A verified Chime account is one that has already passed Chime's identity verification process. This typically includes a valid U.S. Social Security Number (SSN), government-issued ID, and proof of residency within the United States. Once verified, the account gains full access to all of Chime’s features — such as a spending account, a Chime Visa debit card, mobile check deposits, ACH transfers, and even access to Chime’s SpotMe overdraft feature.
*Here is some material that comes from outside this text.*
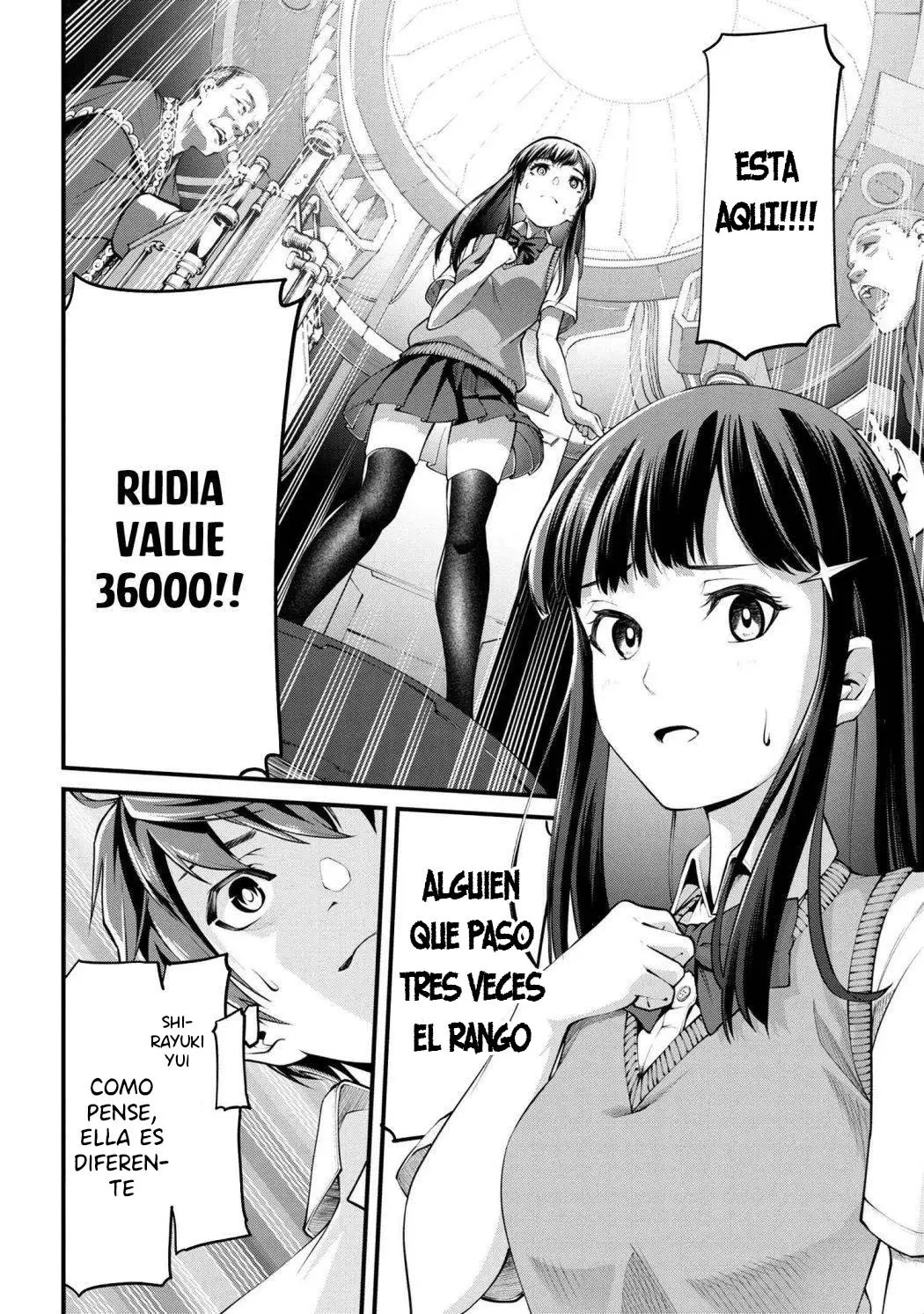 Class Saiyasune de Urareta Ore wa, Jitsu wa Saikyou Parameter (2021) - Capítulo 1.1 - Página 20 - LectorTMOo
People choose to buy verified Chime accounts for several reasons. Some individuals are located in countries where Chime is not supported, and buying a pre-verified U.S.-based account gives them access to American banking infrastructure. Others may want multiple accounts for managing different online businesses or income streams. For freelancers, affiliate marketers, crypto traders, or dropshippers, having a verified Chime account makes it easier to receive payments from U.S. clients and platforms.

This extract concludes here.